Comments (18)
There is a memory issue that only affects Python 3.12, due to a bug in that Python version: python/cpython#119118. I believe this is the issue affecting you.
There's a test you can run to check whether this is the issue we think it is. In coveragepy/coverage/phystokens.py, change the line:
return list(tokenize.generate_tokens(readline))
To:
return tokenize.generate_tokens(readline)
It should lessen the memory impact, if it's the same issue.
from coveragepy.
This is now released as part of coverage 7.5.3.
from coveragepy.
Any further tips?
As I asked on that issue, I need clear complete instructions for how to reproduce the issue. No one has mentioned what version of coverage.py they are using. I don't know how to make the problem appear so that I can debug it. If you know of a way for me to do that, please provide the instructions.
from coveragepy.
@nedbat , Before closing the issue I posted your request.
For the instructions, I've enclosed all I knew in here, here and here. All information can be found in the previous issue.
from coveragepy.
I'm sorry, that still doesn't give me a way to reproduce the issue. I'm available under contract if you need me to sign an NDA to see your private repo.
from coveragepy.
Sounds like #1785 to me: affects Python 3.12, eats up a lot of memory.

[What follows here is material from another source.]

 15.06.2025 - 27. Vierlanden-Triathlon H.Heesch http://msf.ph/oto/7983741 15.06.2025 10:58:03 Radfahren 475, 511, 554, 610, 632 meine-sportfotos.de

@0x78f1935, does your code happen to have very long lines in it?
from coveragepy.
I'm sorry, that still doesn't give me a way to reproduce the issue. I'm available under contract if you need me to sign an NDA to see your private repo.
I'm sorry, I cannot do that.
Altho @sebastian-muthwill, mentioned he was able to reproduce the issue I had encountered.
Sounds like #1785 to me: affects Python 3.12, eats up a lot of memory.
@0x78f1935, does your code happen to have very long lines in it?
No, my unit-tests do not utilize a large mock data set. That being said, I also utilize Flake8 across my codebase.
from coveragepy.
@nedbat I take the discussion up here.
I tried yesterday to reproduce the issue with a clean Django project with the example from the Django docs and everything went well.
My project is much bigger and is failing.
I try to reproduce the issue and come back.
from coveragepy.
My project is much bigger and is failing.
I can confirm that this happens to me with big project(s) too.
First, I thought maybe my project was the issue, but now that @sebastian-muthwill was able to reproduce the issue, I'm more confident we are onto something. I would love to be of help; unfortunately, I'm unable to share my codebase. Just like Sebastian's codebase, mine is big.
I took some time to take my codebase apart and basically started removing all components I didn't want to share so I could make a repository that reproduces the issue. After removing the frontend and Docker environments, I was left with my tests and my backend.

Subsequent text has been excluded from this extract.